A national, church-sanctioned study documenting sex abuse by U.S. Roman Catholic clergy found that about 4 percent of clerics have been accused of molesting minors since 1950, a diocese said Thursday.

The Diocese of Yakima, Wash., said in a news release that the survey compiled by the John Jay College of Criminal Justice found 4,392 of the 109,694 clergy who served over that five-decade period faced allegations of abuse.

The survey was overseen by the National Review Board, a lay watchdog panel the bishops formed at the height of the abuse crisis. The review board had a news conference scheduled in Washington this morning to discuss the report and a companion study on how the crisis developed.

Dioceses nationwide received 10,667 abuse claims since 1950, according to the news release. Of those, claims by 6,700 were substantiated. About 3,300 were not investigated because the accused clergymen were dead.

About 1,000 claims proved to be unsubstantiated, the diocese said.
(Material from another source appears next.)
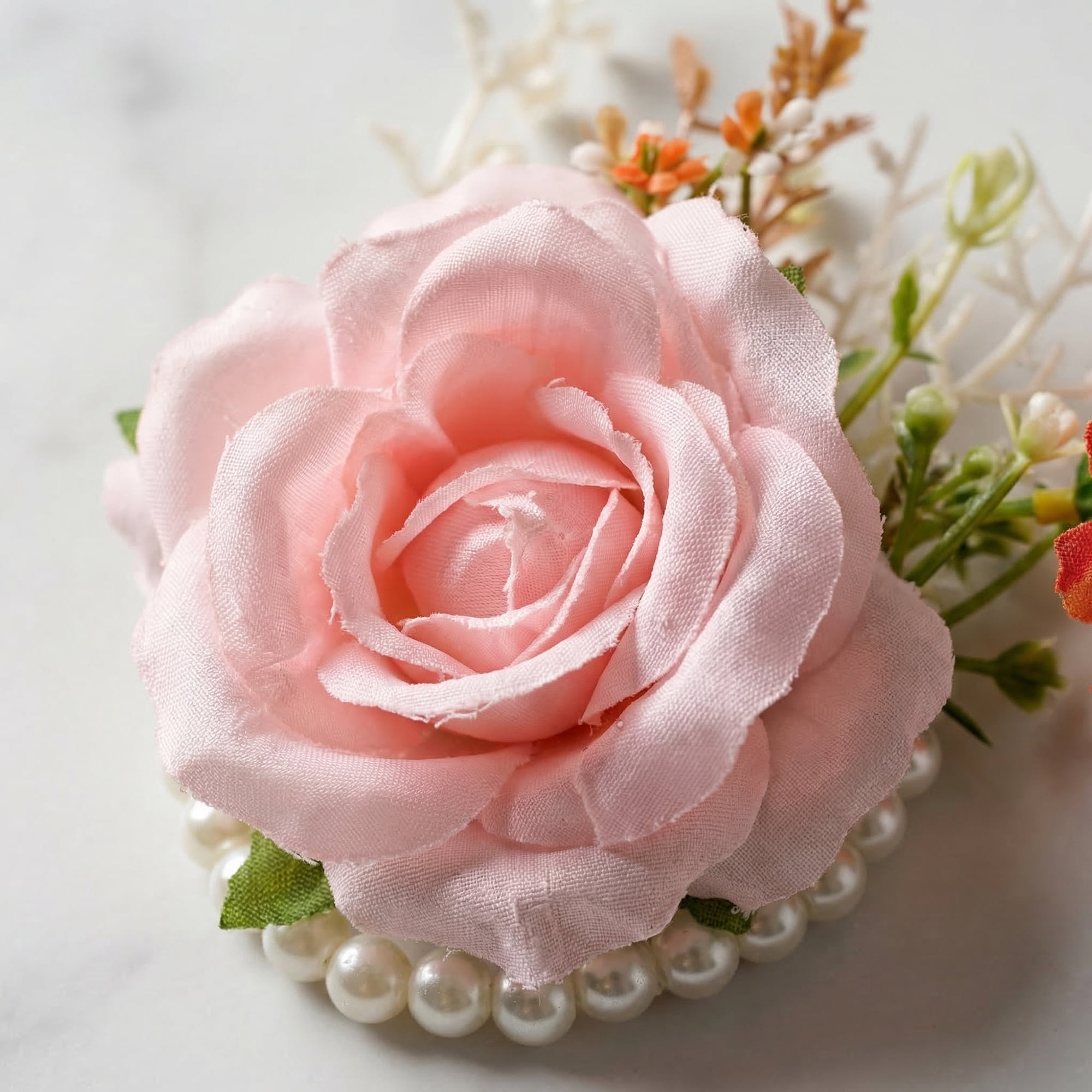 Unique Bargains Wrist Corsages Silk Rose Flower Bracelets Pink 3.9"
The national report also tallied abuse-related costs at $533.4-million.

The Associated Press reported other findings from the John Jay tally of abuse cases and the report on causes, citing a source it did not identify that it reported had read both reports.
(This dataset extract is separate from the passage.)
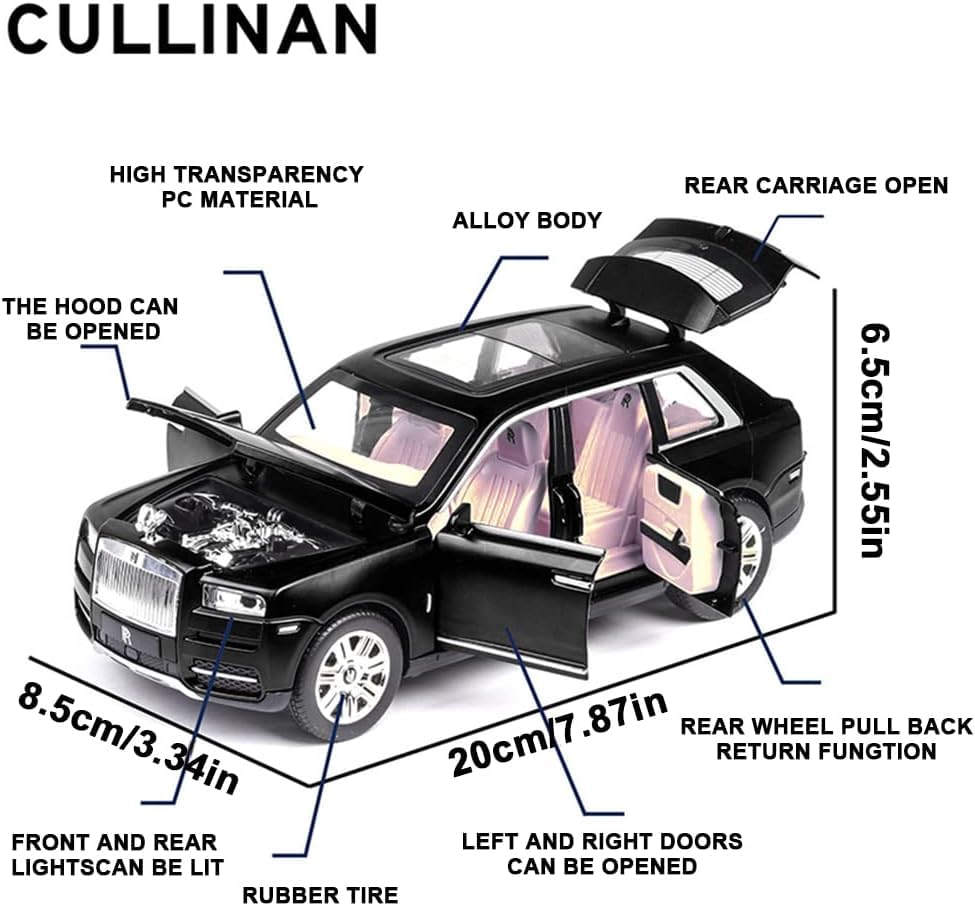 Image of Exquisite car Model 1 /24 Rolls-Royce CULLINAN Model Car,Zinc Alloy Pull Back Toy car with Sound and Light for Kids Boy Girl Gift. (Black)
The causes report places much of the blame on bishops, according to the AP's source, saying moral laxity in disciplining offenders created an atmosphere that allowed the crisis to occur.

The report acknowledges some bishops recognized the gravity of the problem early on and spent years lobbying the Vatican to change church law so they could move faster against abusers.

The raw numbers of abuse claims and accused clergy are higher than previously estimated by the media, victims groups and church officials.